Various figures in the religions and mythologies of the world serve as gatekeepers of paradisal or infernal realms, granting or denying access to these realms, depending on the credentials of those seeking entry. Figures acting in this capacity may also undertake the status of watchman, interrogator or judge. In the late 20th century the term came into metaphorical use, referring to individuals or bodies that decide whether a given message will be distributed by a mass medium.
Gatekeepers serve in various roles including academic admissions, financial advising, and news editing, along with many areas of the fine arts. An academic admissions officer might review students' qualifications based on criteria like test scores, race, social class, grades, family connections, and even athletic ability. Where this internal gatekeeping role is unwanted, open admissions can externalize it.
A news editor selects stories for publication based on his or her organization's specific criteria, e.g., importance and relevance to their readership. For example, a presidential resignation would be on the front page of a newspaper but likely not a celebrity break-up (unless the paper was of the gossip variety).

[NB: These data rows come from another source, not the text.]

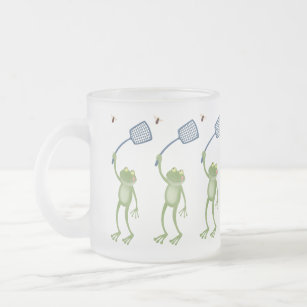 Funny green frog swatting fly cartoon  frosted glass coffee mug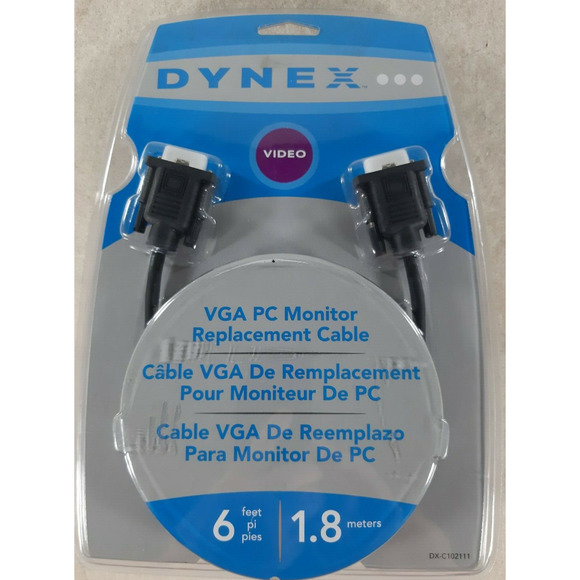 Dynex VGA PC Monitor Replacement Cable DX-C102111 6 Feet 1.8 Meters Dynex Video - Picture 1 of 3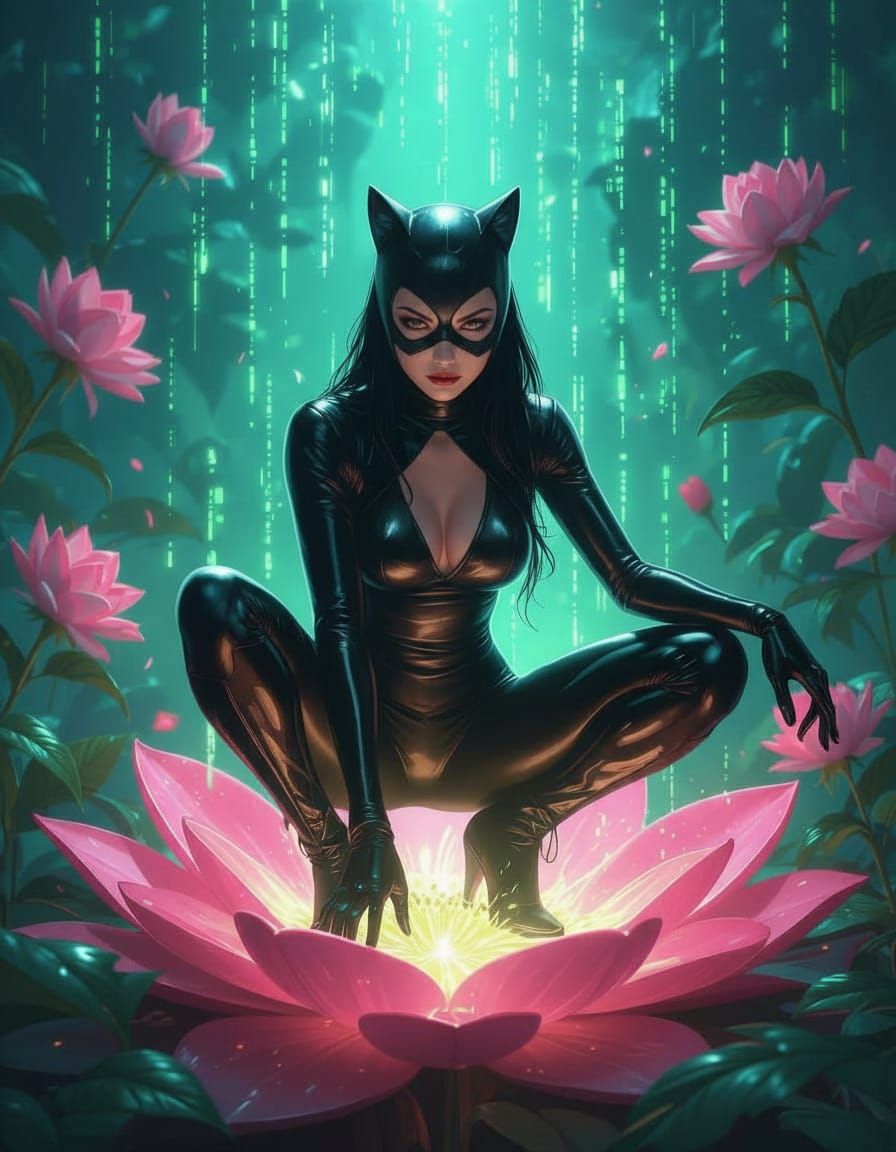 She crouches on a sleek, glowing cyber-petal, her black Catw...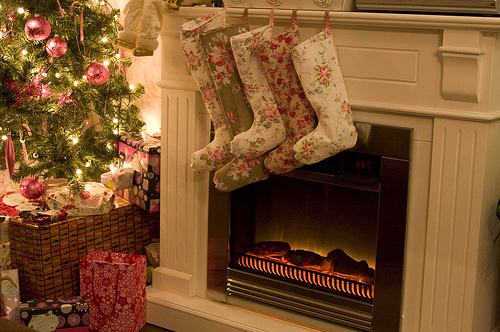christmas, fire place and gifts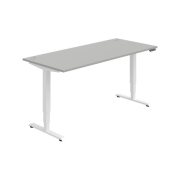 Pracovný stôl RUN, PO, 3S, 180x64,5-130,5x80 cm, sivá/biela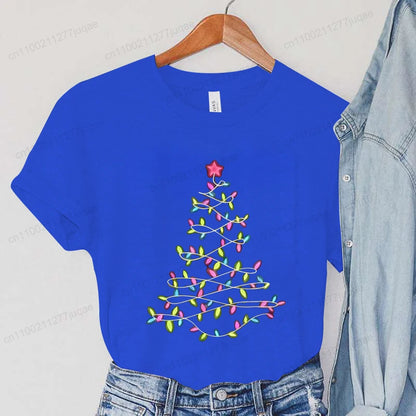 Women'S T-Shirts Clothing Round Neck Casual Tops Christmas Lights Xmas Tree Simple Design Style T-Shirts Harajuku Streetwear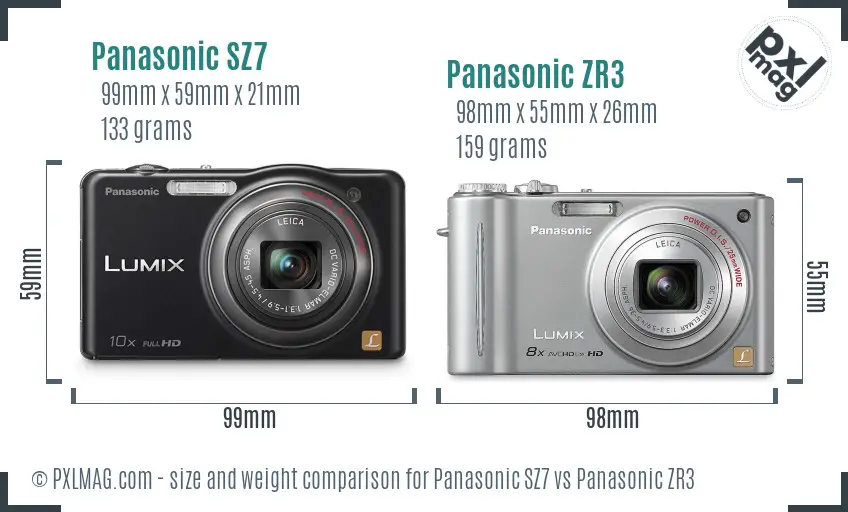Panasonic SZ7 vs Panasonic ZR3 size comparison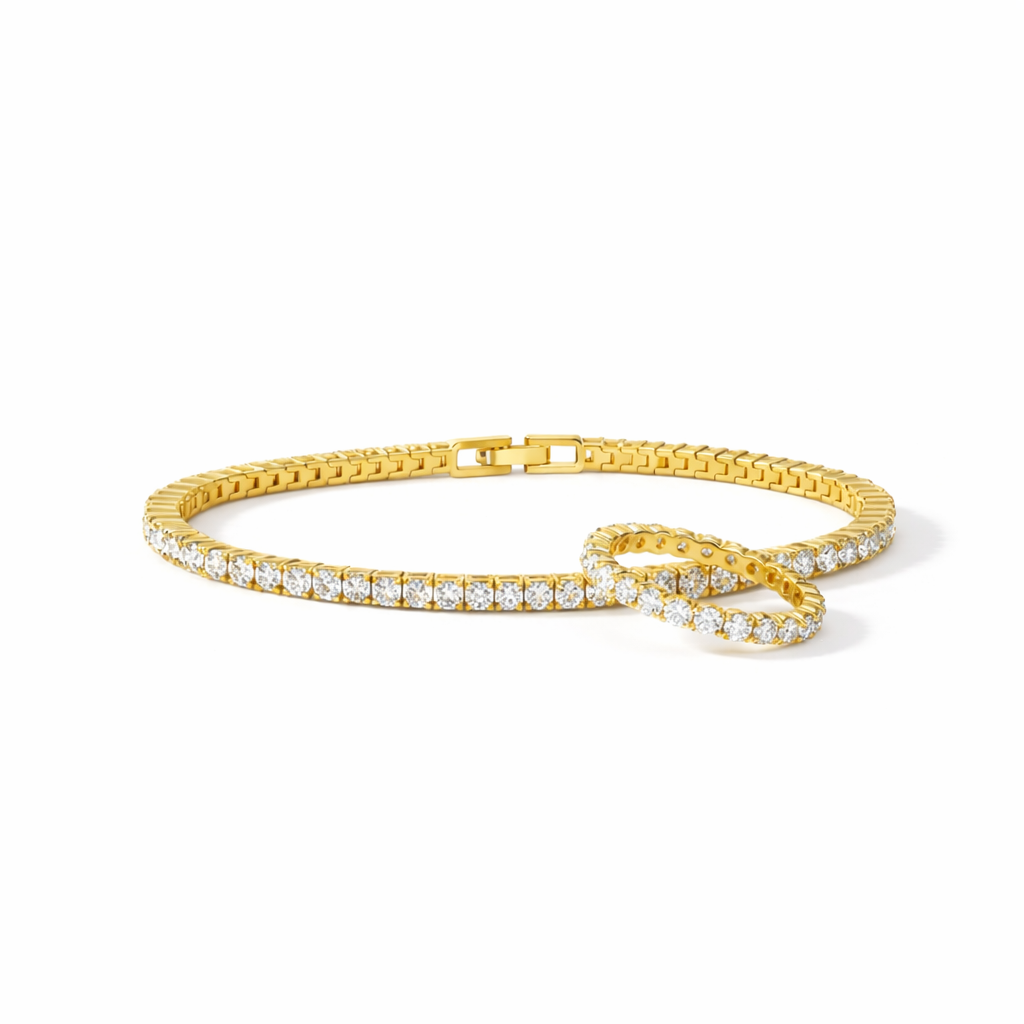 Tennis Diamond Duo Set in 10K yellow gold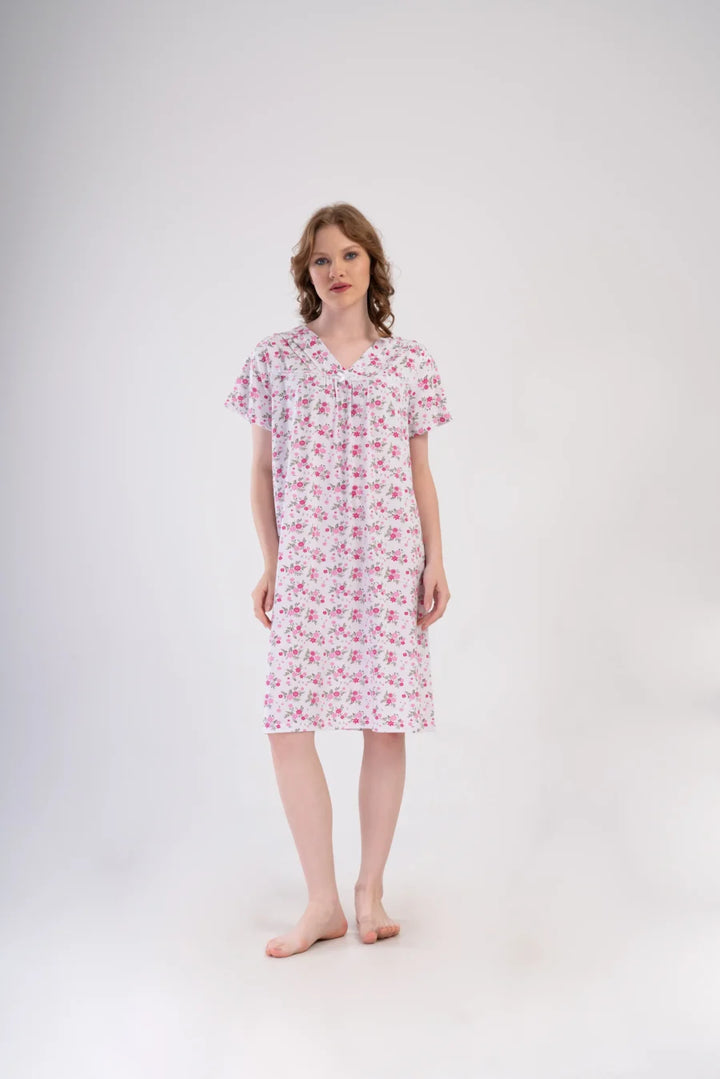 Koszula Nocna Vienetta Floral Night, Biało - Różowa , r. M-XXL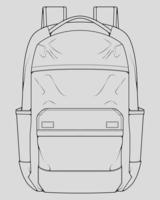 Skizze eines Rucksacks. Rucksack isoliert auf weißem Hintergrund. Vektorillustration eines Skizzenstils.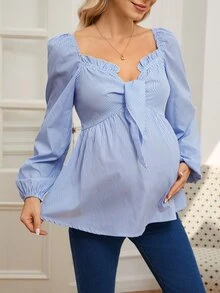 Momance Maternity Casual Striped Sweetheart Neck Lantern Sleeve Ruffle Hem Shirt, For Autumn Fall - Blue and White - View 4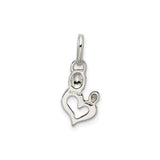 Sterling Silver Heart Pendant with Stylized Mother Design Symbolizing Maternal Love and Family Bond
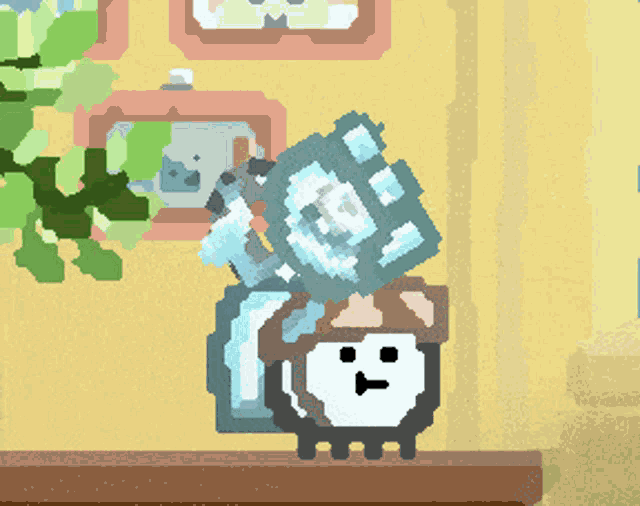 a pixel art drawing of a sheep holding a cube that says ' t ' on it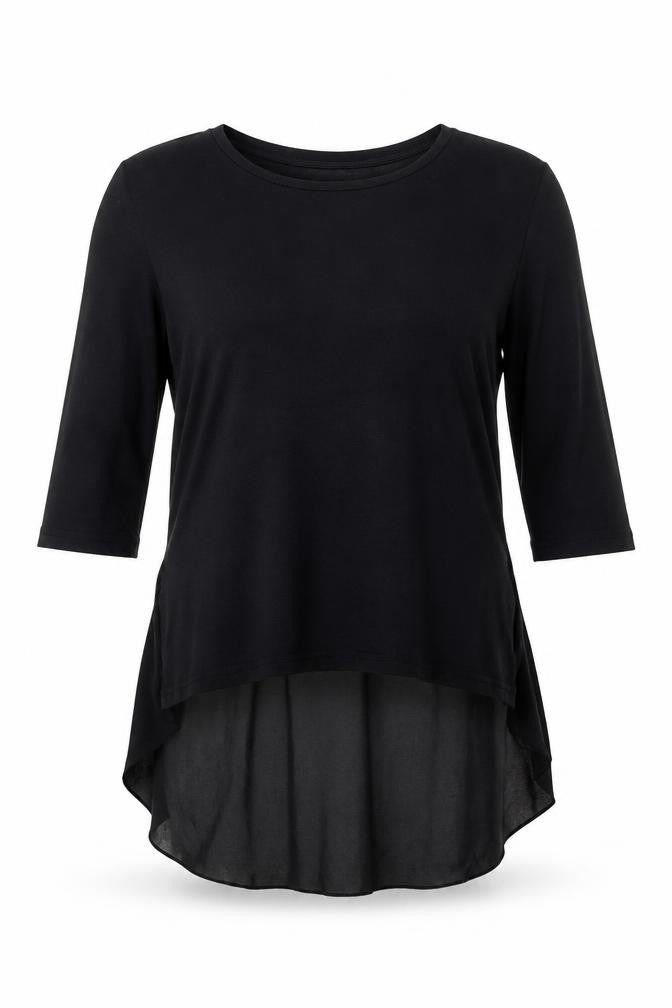 Miss Charm Womens Black Cotton Basic Button-Up Size M Boat Neck - Sheer, Size M-L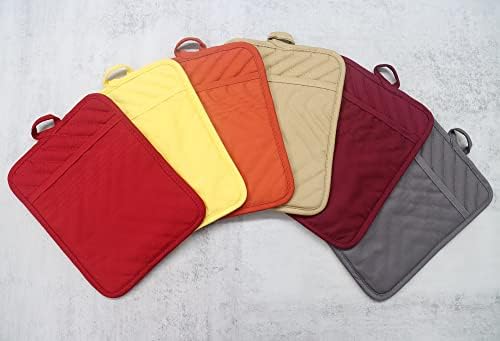 7x9 Red Oven Pot Holder with Pocket Heat-Resistant Cotton Potholder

Other people gatekeeping roles are in mental health service, clergy, police, hairdressers, and bartenders because of their extensive contact with the public.
Gatekeeper is also a term used in business to identify the person who is responsible for controlling passwords and access rights or permissions for software that the company uses.
One critique of gatekeeping roles is the potential to create or reinforce inequality, for example if entry is made more difficult for minority applicants or artists. For example, Bernardine Evaristo was only the first black woman to win the prestigious Man Booker Prize in fiction in 2019, a joint award with author Margaret Atwood.
Peer review is a practice widely used by specialized journals that publish articles reporting new research, new discoveries, or new analyses in a specific academic field or area of focus. Journal editors ask one or more subject matter experts deemed to be "peers" of an article's author or authors to assess an article's suitability for publication in the journal. Notwithstanding the fact that the intent of peer review is to insure suitability and editorial quality, issues of preference or exclusion of articles are raised from time to time relating to the intellectual prejudices, career rivalries, or other biases of the journal editors or peer reviewers.
Credentialing is the practice of evidencing suitability for engaging in a profession or for employability through documentation of demonstrated competency or experience, completion of education or training, or other criteria as specified by a credentialing authority. The documentation provided by the authority are known as "credentials", and may be in the form of a license, certificate of competency, a diploma, a teaching credential, a board certification, or a similar document. Credentialism refers to the practice of relying on credentials to prove the suitability of a professional person or a skilled employee to be assigned the responsibilities of professional engagement or employment.